***** Records for the exercise *****

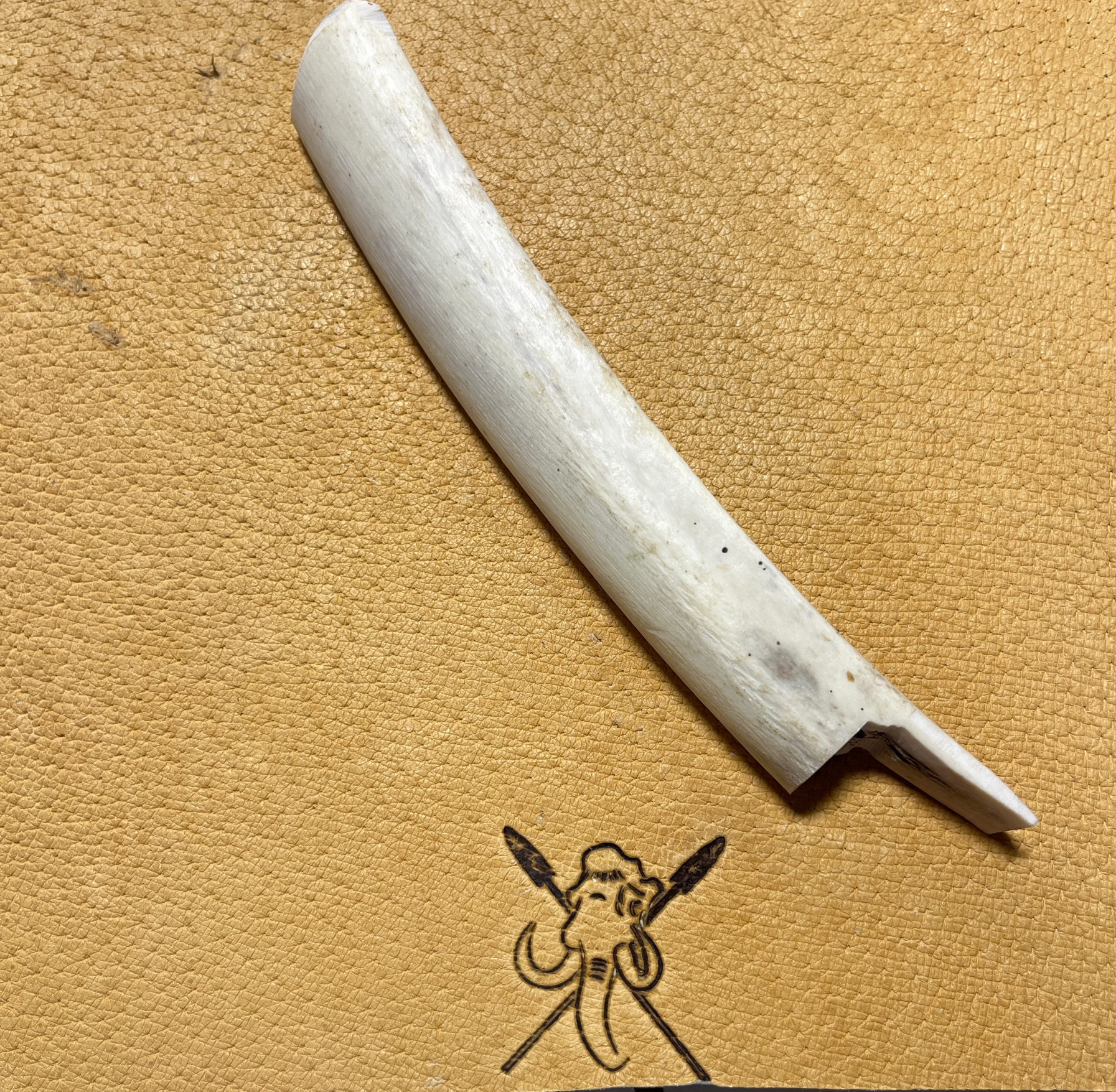 Buffalo Rib Pressure flaker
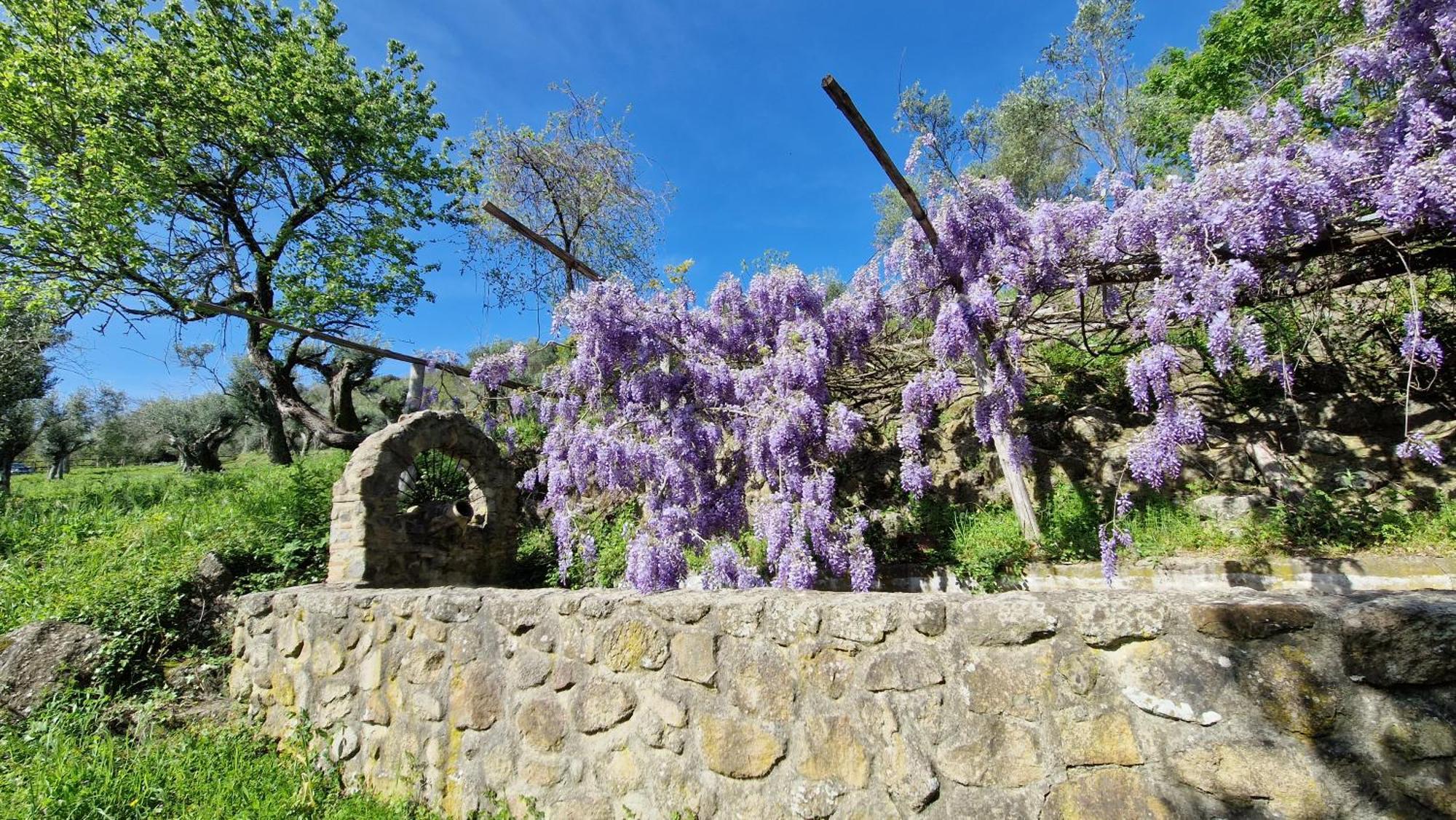 L'Ottava Goccia Country House Tolfa Exterior foto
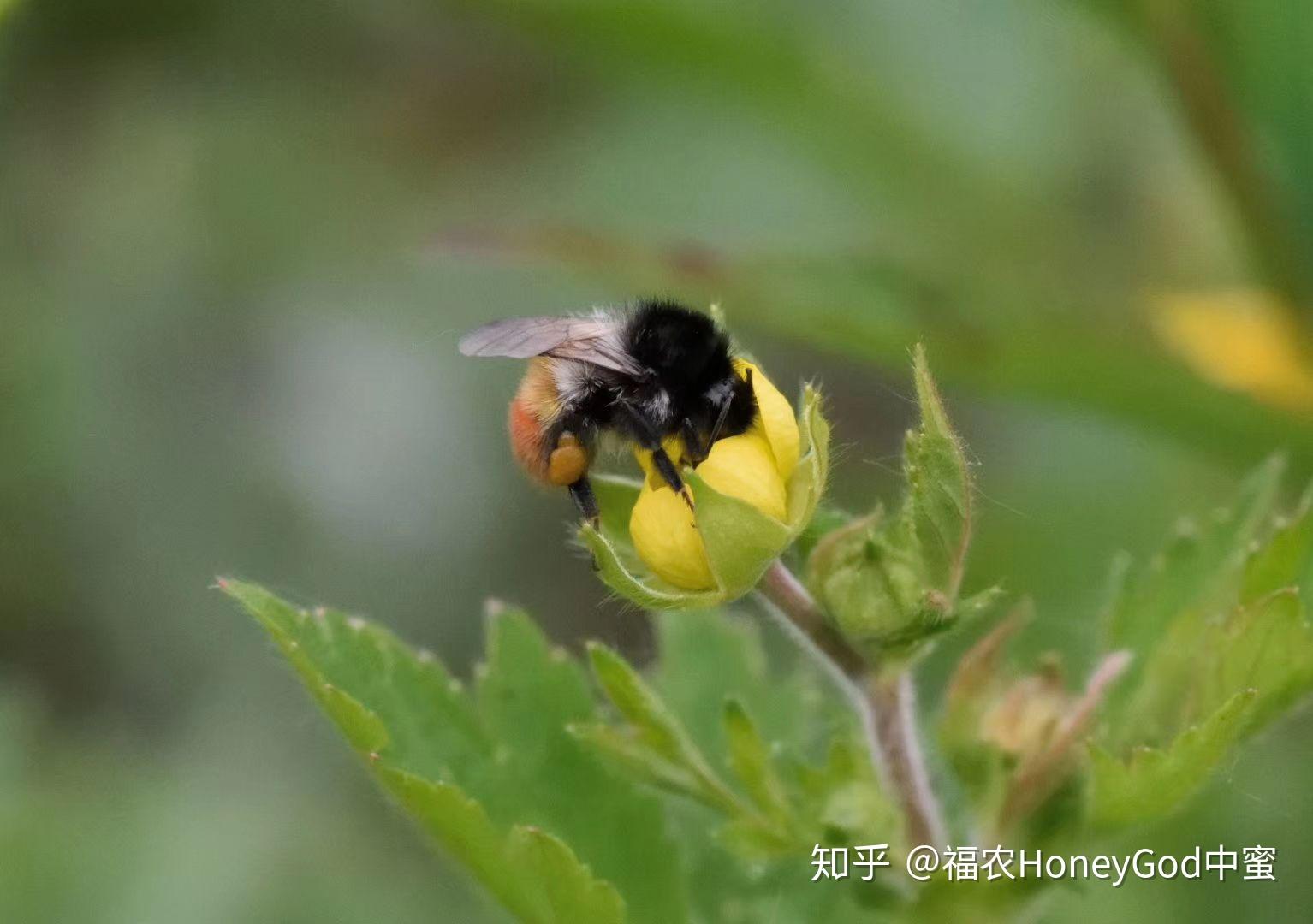 这是什么蜜蜂啊跟我想象中的不一样挺可爱的?很肥嘟嘟的?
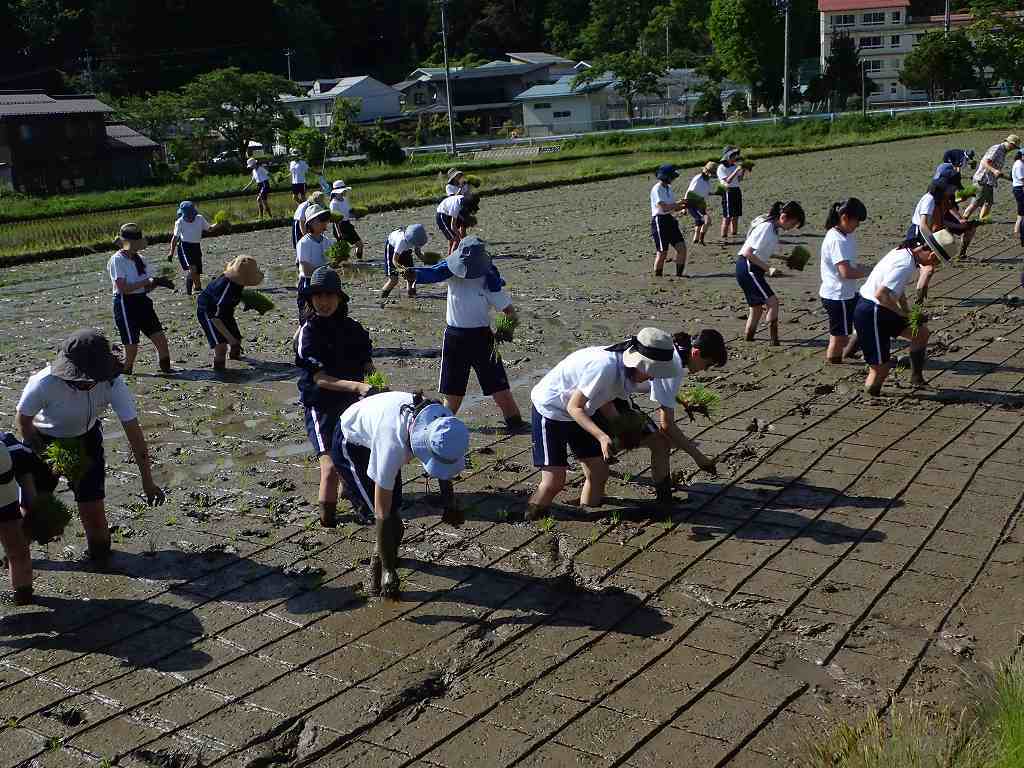 田植え体験_e0367158_16020327.jpg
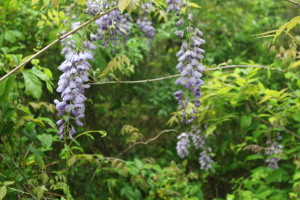 Wisteria on the grounds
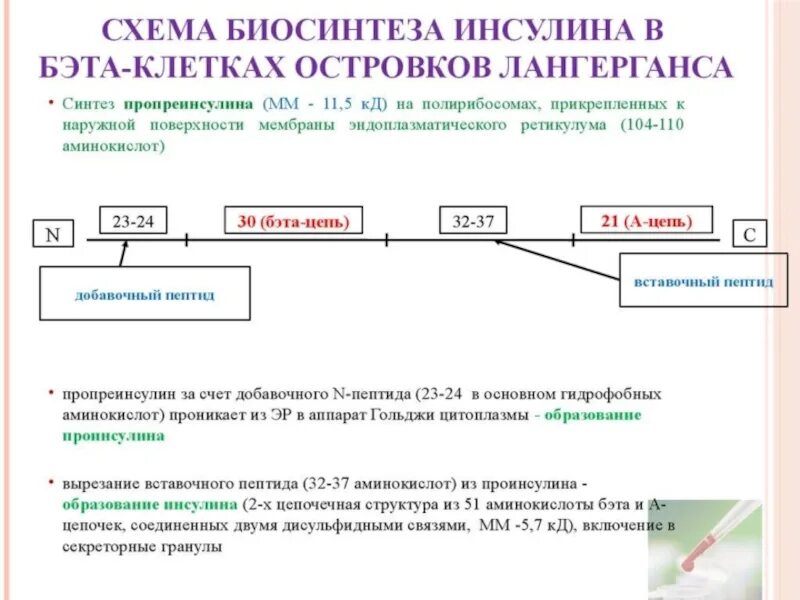 Участвует в синтезе инсулина. Этапы синтеза гормона инсулина. Биосинтез инсулина схема. Инсулин, этапы синтеза инсулина. Регуляция секреции инсулина биохимия.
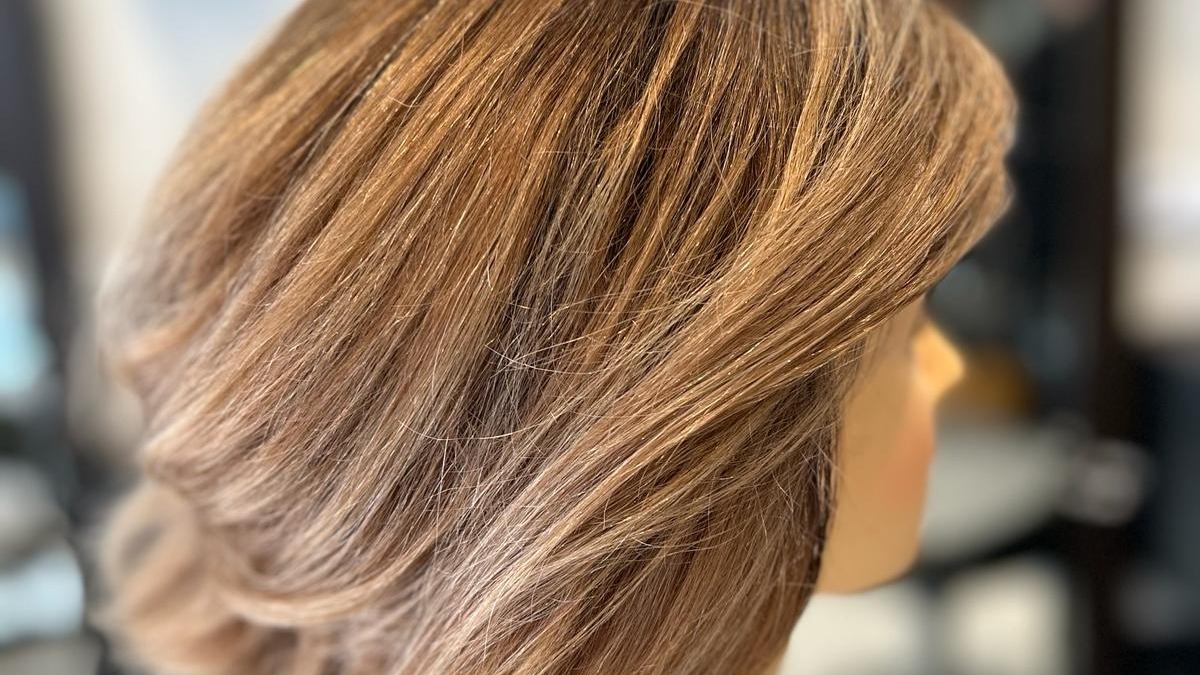 Représentation de la formation : PROFESSIONNELS: Technique OMBRE HAIR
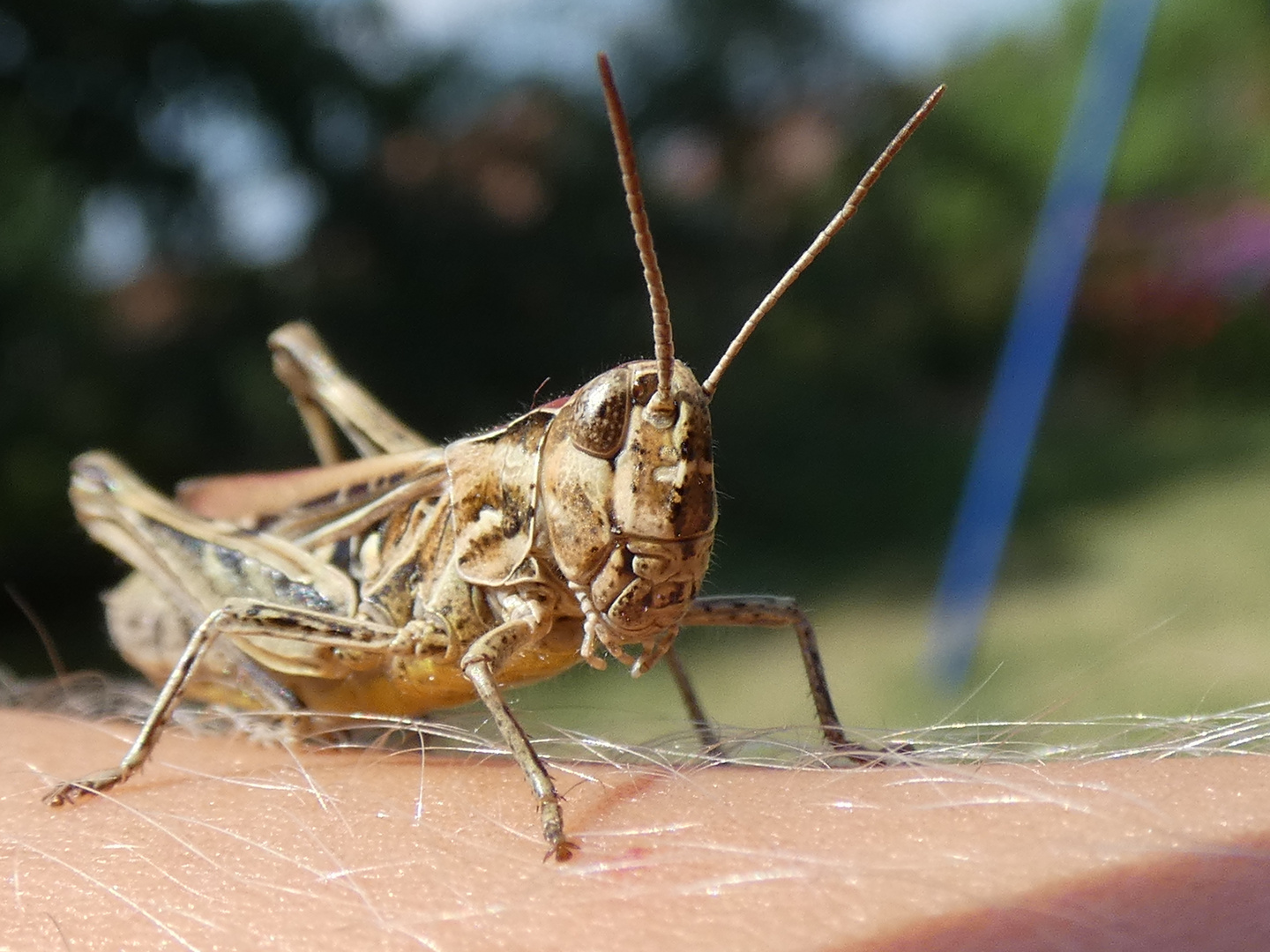 Nachtigall-Grashüpfer (Chorthippus biguttulus)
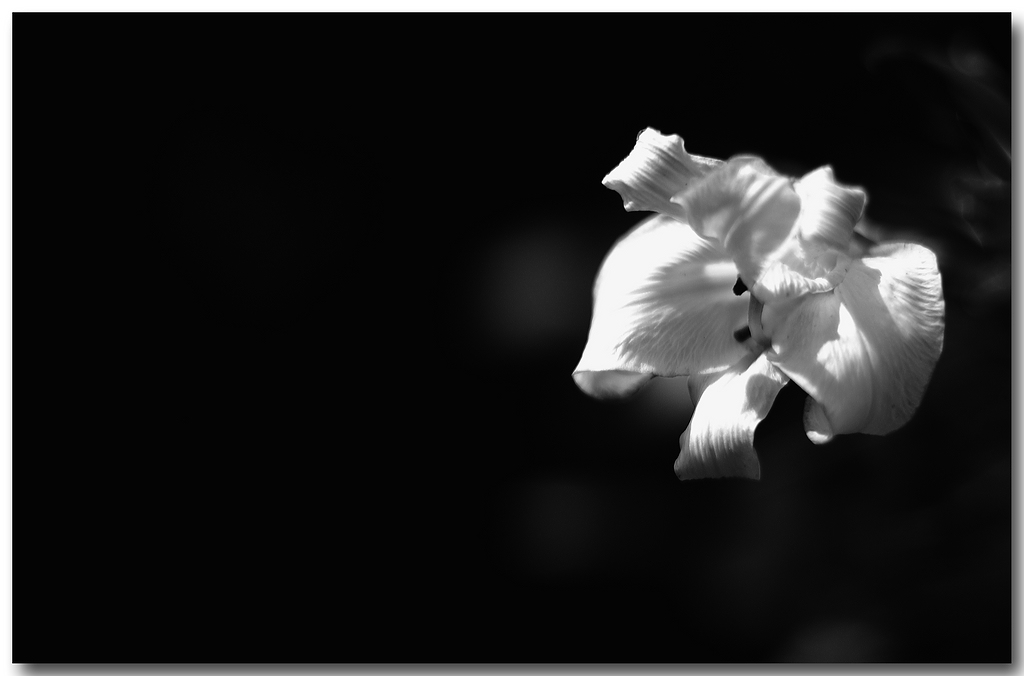 KR DSC 1108 1 sw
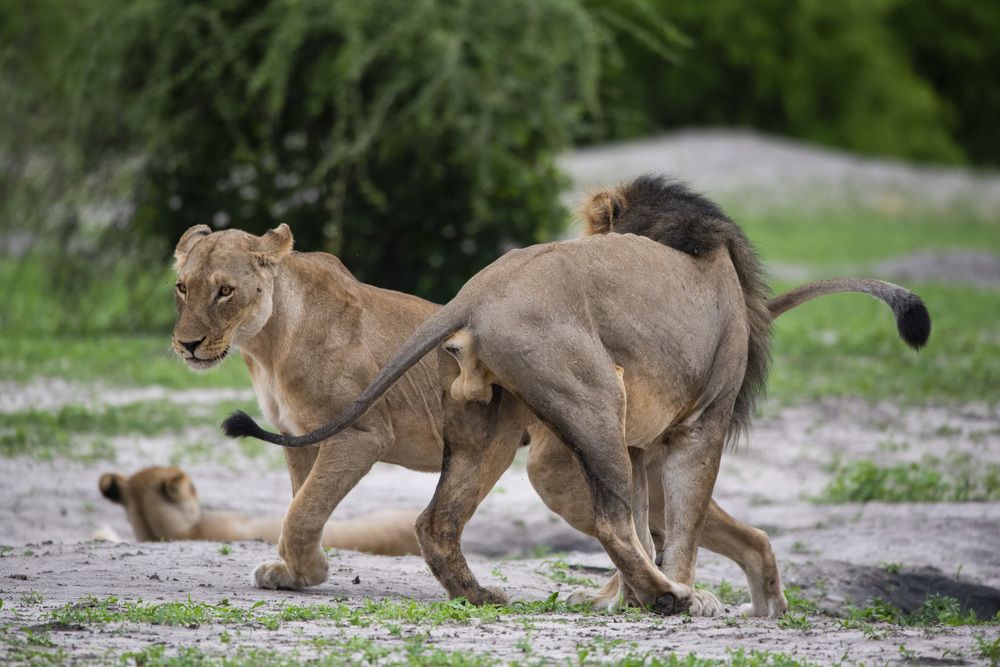 Царские страсти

*****

Transcribe, word for word, the line holding "Участвует в синтезе" and all lines after it in the entries above, ending with the last. Only those lines; no pictures.

 Участвует в синтезе инсулина. Этапы синтеза гормона инсулина. Биосинтез инсулина схема. Инсулин, этапы синтеза инсулина. Регуляция секреции инсулина биохимия.
 Représentation de la formation : PROFESSIONNELS: Technique OMBRE HAIR
 Nachtigall-Grashüpfer (Chorthippus biguttulus)
 KR DSC 1108 1 sw
 Царские страсти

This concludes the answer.